EXTRACTED RECORDS: Begin

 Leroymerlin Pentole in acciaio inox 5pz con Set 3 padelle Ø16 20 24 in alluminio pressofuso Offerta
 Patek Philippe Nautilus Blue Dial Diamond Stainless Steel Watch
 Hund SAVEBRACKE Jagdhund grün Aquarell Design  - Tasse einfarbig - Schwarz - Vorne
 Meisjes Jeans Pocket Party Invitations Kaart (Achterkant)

EXTRACTED RECORDS: End
EXTRACTED RECORDS: Begin

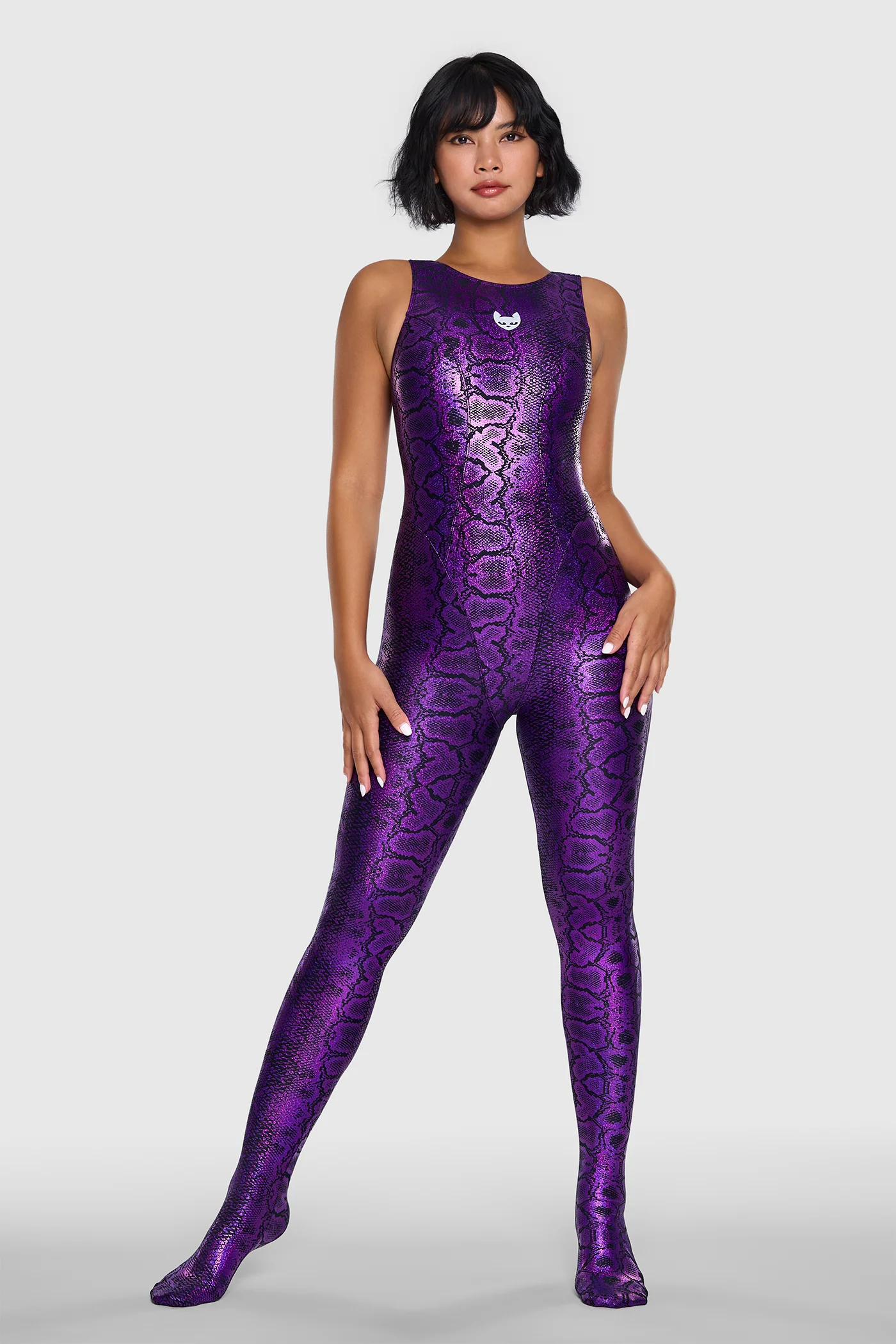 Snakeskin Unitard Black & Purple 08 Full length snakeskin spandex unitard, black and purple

EXTRACTED RECORDS: End
EXTRACTED RECORDS: Begin

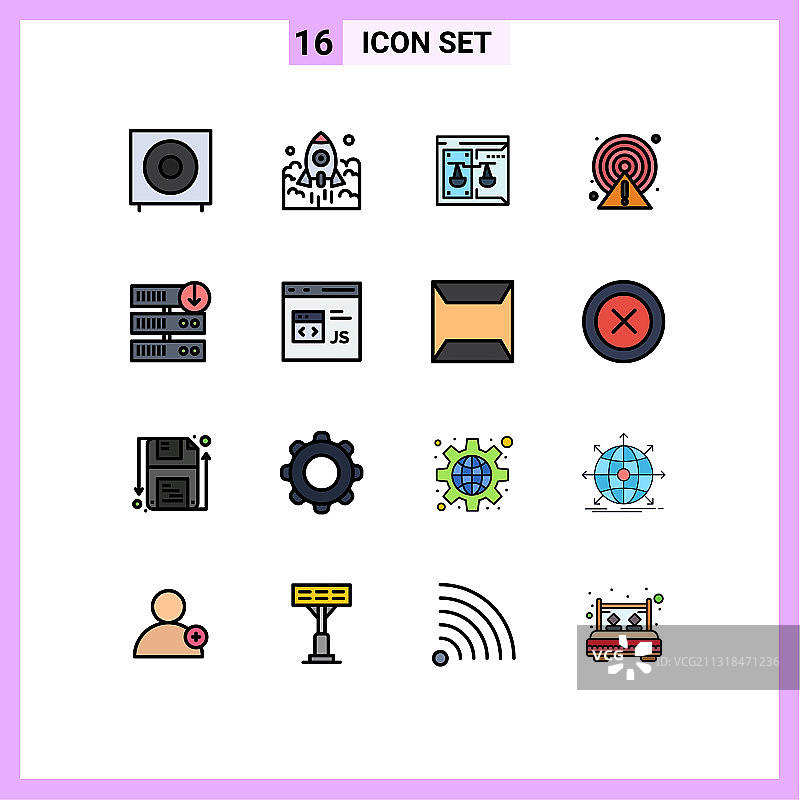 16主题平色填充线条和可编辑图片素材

EXTRACTED RECORDS: End

*EXERCISE*
Using the entries above, output exactly the lines between the line holding "Hund SAVEBRACKE Jagdhund" and the line holding "Meisjes Jeans Pocket", end lines included, and nothing more.

*RESULT OF THE TASK*
 Hund SAVEBRACKE Jagdhund grün Aquarell Design  - Tasse einfarbig - Schwarz - Vorne
 Meisjes Jeans Pocket Party Invitations Kaart (Achterkant)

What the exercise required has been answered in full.